Subagents for Pydantic AI supports three execution modes: sync, async, and auto.

Overview

Mode Behavior Use Case
sync Block until complete Quick tasks, immediate results needed
async Run in background Long tasks, parallel execution
auto System decides Let the library choose optimally

Sync Mode

In sync mode, the parent agent waits for the subagent to complete before continuing.

Python
# Parent agent calls:
task(
    description="Calculate the sum of 1 to 100",
    subagent_type="calculator",
    mode="sync",
)
# Blocks here until done
# Returns: "The sum is 5050"

Best for:

  • Quick calculations
  • When result is needed immediately
  • Back-and-forth communication
  • Simple transformations

Async Mode

In async mode, the task runs in the background and returns immediately with a task ID.

Python
# Parent agent calls:
task(
    description="Research the history of Python",
    subagent_type="researcher",
    mode="async",
)
# Returns immediately: "Task started with ID: abc123"

# Later, check status:
check_task(task_id="abc123")
# Returns status, result if complete, or pending question

Best for:

  • Long-running research
  • Parallel tasks
  • When parent can do other work meanwhile
  • Complex analysis

Task Lifecycle

Text Only
PENDING → RUNNING → COMPLETED
                 ↘ WAITING_FOR_ANSWER → RUNNING → ...
                 ↘ FAILED
                 ↘ CANCELLED

Auto Mode

Auto mode uses heuristics to decide between sync and async.

Python
# Parent agent calls:
task(
    description="Analyze this dataset",
    subagent_type="analyst",
    mode="auto",
)
# System decides based on task characteristics

Decision Logic

The decide_execution_mode() function considers the following in order of priority:

  1. Explicit override: If force_mode is set (not "auto"), use it directly
  2. Config preference: Subagent's preferred_mode setting (if not "auto")
  3. User context: Tasks requiring user context → sync
  4. Clarification + time-sensitive: May need clarification AND is time-sensitive → sync
  5. Complexity + independence: Complex tasks that can run independently → async
  6. Simplicity: Simple tasks → sync
  7. Independence fallback: Moderate complexity that can run independently → async
  8. Final default: Everything else → sync
Python
from subagents_pydantic_ai import decide_execution_mode, TaskCharacteristics

characteristics = TaskCharacteristics(
    estimated_complexity="complex",
    requires_user_context=False,
    is_time_sensitive=False,
    can_run_independently=True,
    may_need_clarification=False,
)

mode = decide_execution_mode(characteristics, config)
# Returns "async" for complex independent tasks

TaskCharacteristics Fields

The TaskCharacteristics dataclass holds the properties used for auto-mode decision-making:

Field Type Default Description
estimated_complexity "simple" \| "moderate" \| "complex" "moderate" Expected task complexity level
requires_user_context bool False Whether task needs ongoing user interaction
is_time_sensitive bool False Whether quick response is important
can_run_independently bool True Whether task can complete without further input
may_need_clarification bool False Whether task might need clarifying questions

These fields can be set explicitly when calling the task() tool, or they are inferred from the subagent's SubAgentConfig at runtime.

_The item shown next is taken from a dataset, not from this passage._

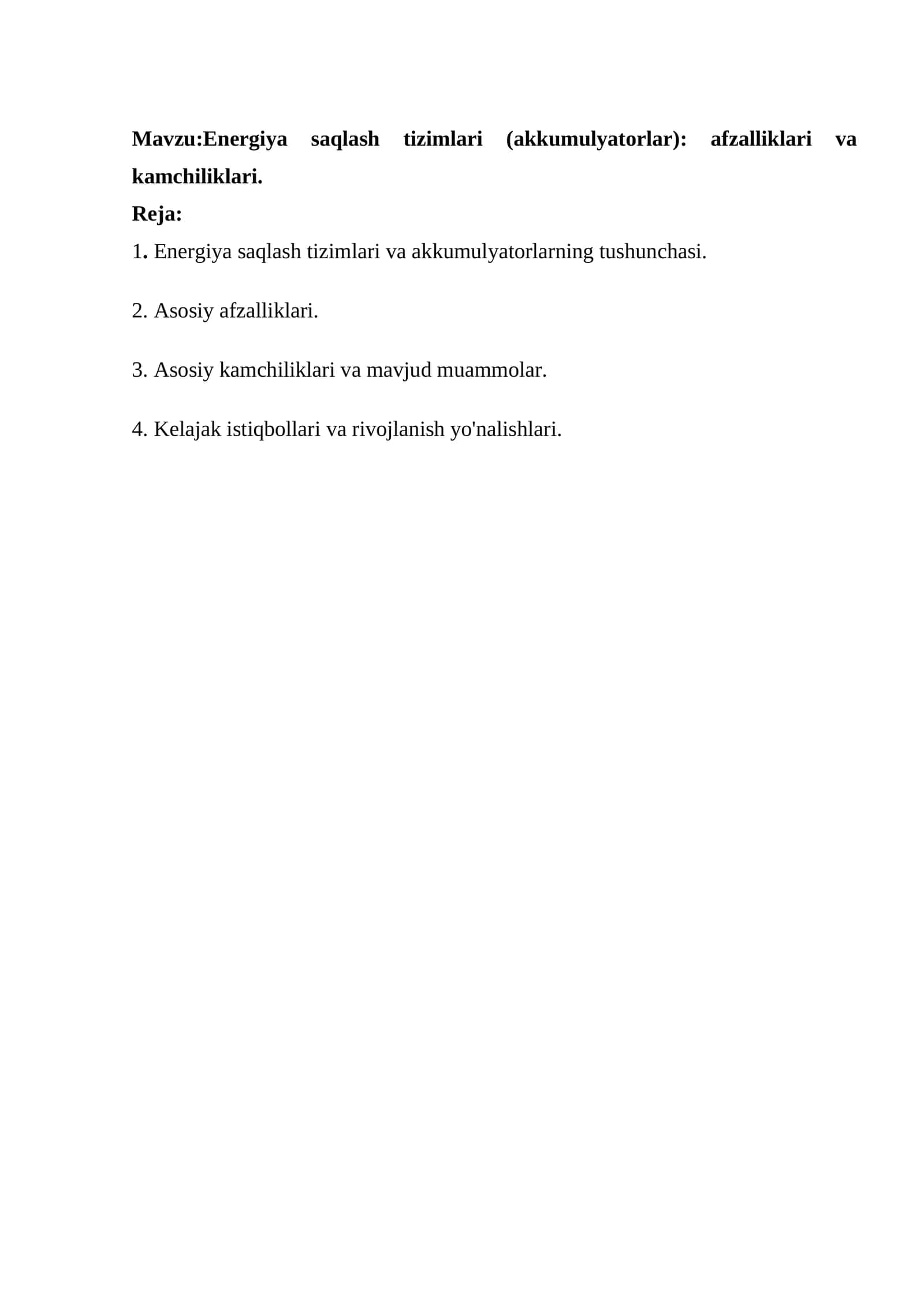 Energiya saqlash tizimlari (akkumulyatorlar) 1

Auto-Mode Decision Examples

The following table shows how different combinations of TaskCharacteristics resolve to sync or async:

Scenario Complexity User Context Time Sensitive Independent Clarification Result
Quick lookup simple False True True False sync
Deep research complex False False True False async
Interactive editing moderate True False False True sync
Background analysis moderate False False True False async
Urgent clarification moderate False True True True sync
Complex but dependent complex False False False True sync

Example 1: Auto picks sync for a simple task

Python
# Simple question answering - auto resolves to sync
task(
    description="What is the capital of France?",
    subagent_type="general-purpose",
    mode="auto",
    complexity="simple",
)
# Auto-mode sees: simple complexity → sync
# Parent gets the answer immediately

Example 2: Auto picks async for complex independent work

Python
# Deep research - auto resolves to async
task(
    description="Analyze the codebase architecture and produce a report",
    subagent_type="researcher",
    mode="auto",
    complexity="complex",
)
# Auto-mode sees: complex + can_run_independently → async
# Returns task handle immediately, parent continues working

Example 3: Auto picks sync when user context is needed

Python
# Task needing ongoing user interaction - auto resolves to sync
task(
    description="Help me refine this paragraph",
    subagent_type="editor",
    mode="auto",
    requires_user_context=True,
)
# Auto-mode sees: requires_user_context=True → sync
# Ensures interactive back-and-forth is possible

Example 4: Auto picks sync for time-sensitive tasks that may need clarification

Python
# Urgent task that might need questions - auto resolves to sync
task(
    description="Fix this production bug quickly",
    subagent_type="coder",
    mode="auto",
    complexity="moderate",
    may_need_clarification=True,
)
# Auto-mode sees: may_need_clarification + is_time_sensitive → sync
# (assuming the subagent config has is_time_sensitive context)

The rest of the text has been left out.